In this case, when the patient visited our hospital initially, he had a history of an acute attack of pancreatitis and diffuse enlargement of the pancreas with multiple pseudocysts on imaging. Chronic pancreatitis or pancreatic cystic neoplasm were therefore deemed more likely than AIP. Also, pseudocysts located in the pancreatic head are particularly suggestive of pancreatic cancer, and we therefore performed ERCP to exclude pancreatic malignancy. Responsiveness of AIP to corticosteroid treatment corresponds to elevation of IgG/IgG4 or else the presence of other auto-antibodies such as ANA.8 In addition, pseudocyst associated with AIP might represent a highly active inflammatory process, and these lesions have been shown to predict responsiveness to corticosteroid treatment if associated with AIP.4
Though we were unable to determine the exact mechanism of the pathogenesis of the cyst in the present patient, the absence of both severe acute episodes of pancreatitis and a marked elevation of serum pancreatic enzymes prior to cyst formation suggests that severe tissue necrosis did not contribute to the pathogenesis. Cyst formation in AIP may be associated with a highly active state of the inflammatory process, as we found a high serum IgG4 concentration that closely correlated with the active state of this disease. Pseudocyst activity and progression is known to be associated with stenosis of the pancreatic duct. Steroids are thought to induce pseudocyst regression through inhibition of inflammation of the pancreatic duct, thus reducing the stenosis and improving the drainage of pancreatic juice.
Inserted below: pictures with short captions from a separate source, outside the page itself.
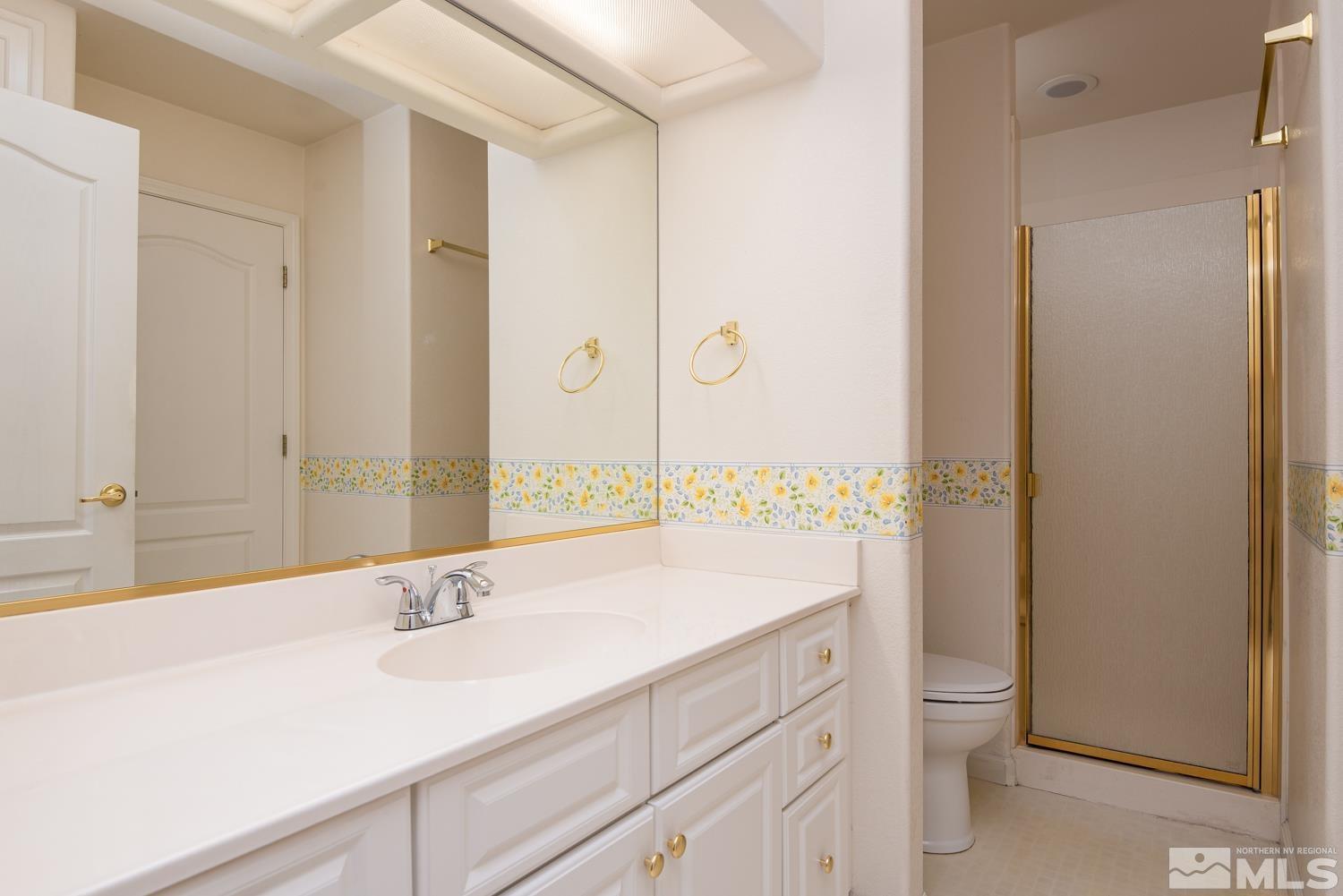 877 Longleaf Place Minden, NV 89423 - Photo 17 of 39 a bathroom with a sink and a large mirror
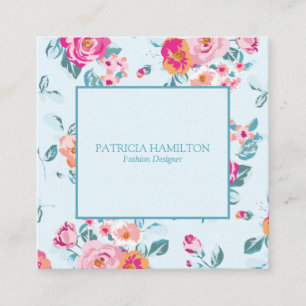 Vibrant Girly Pink Floral Pattern On Mint Square Business Card
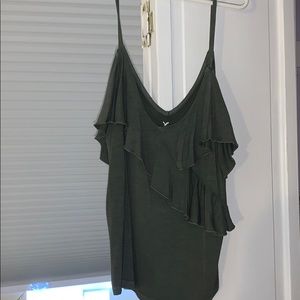 Green ruffle tank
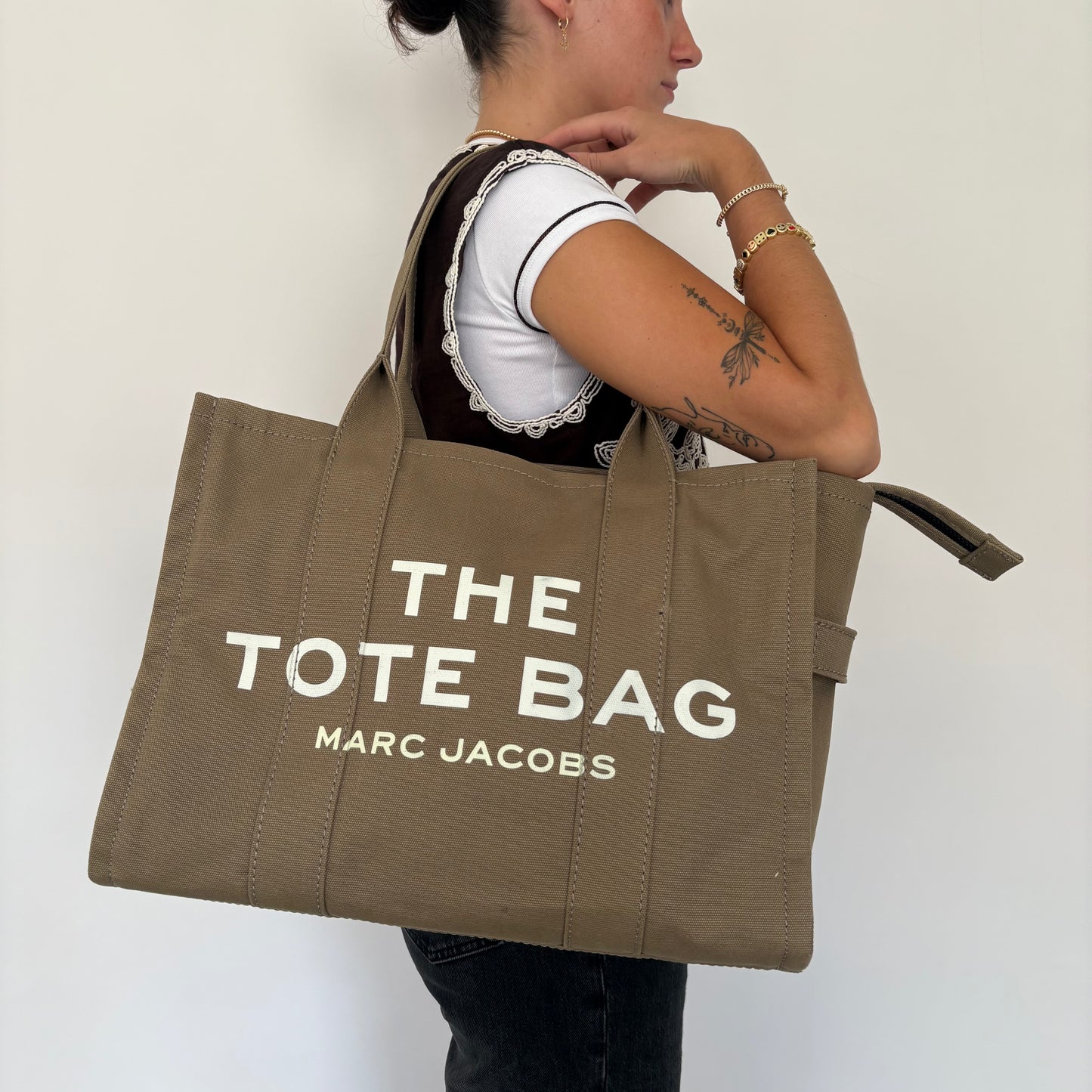Marc Jacobs The Tote Bag Large Canvas Khaki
Corticosteroid treatment is clinically, radiologically, and serologically effective and has become accepted as a standard treatment for AIP. There have been some studies on the shortterm effectiveness of corticosteroid treatment in AIP, and, more recently, on the long-term prognosis for patients with AIP, including those receiving corticosteroid treatment.9 It is difficult for all patients with AIP to be treated with corticosteroid, and there is currently no consensus on when to initiate corticosteroid treatment in patients with AIP. Hirano et al.10 reported that a growing pancreatic pseudocyst developed in an AIP patient who did not receive corticosteroid treatment, while Nakazawa et al.11 reported the spontaneous disappearance of a pancreatic cyst in an AIP patient without corticosteroid treatment. Kawakami et al.12 suggested that, in AIP patients, corticosteroid treatment should be started immediately after pseudocyst appearance because of the possibility of pseudocyst regression with treatment.
The risk of adverse effects of corticosteroid treatment (such as susceptibility to infection, impaired glucose tolerance and peptic ulcer) should also be taken into consideration.
The indications for corticosteroid therapy in AIP patients have included bile duct stenosis and various other symptoms and clinical findings.10 In this case, we started corticosteroid treatment after diagnosis of IgG4-associated cholangitis, which caused obstructive jaundice due to bile duct stenosis, and pseudocysts. After corticosteroid treatment, there were improvements in clinical symptoms, such as reduced abdominal discomfort and nausea. Radiologic regression of the diffuse pancreatic swelling, bile duct stenosis and pseudocysts was also seen and the patient has recovered well with no complications. More studies are required regarding the long-term prognosis and appropriate duration of corticosteroid treatment for AIP.